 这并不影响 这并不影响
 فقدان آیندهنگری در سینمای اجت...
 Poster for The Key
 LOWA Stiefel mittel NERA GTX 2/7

==

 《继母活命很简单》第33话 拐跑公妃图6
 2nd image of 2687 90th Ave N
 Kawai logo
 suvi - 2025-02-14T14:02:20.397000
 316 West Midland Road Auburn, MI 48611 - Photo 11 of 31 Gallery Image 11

| YOUR TASK |
Above this task is a listing. Restate, word for word and with nothing added, the lines from the one with "suvi - 2025-02-14T14:02:20.397000" through the one with "316 West Midland".

| THE ANSWER |
 suvi - 2025-02-14T14:02:20.397000
 316 West Midland Road Auburn, MI 48611 - Photo 11 of 31 Gallery Image 11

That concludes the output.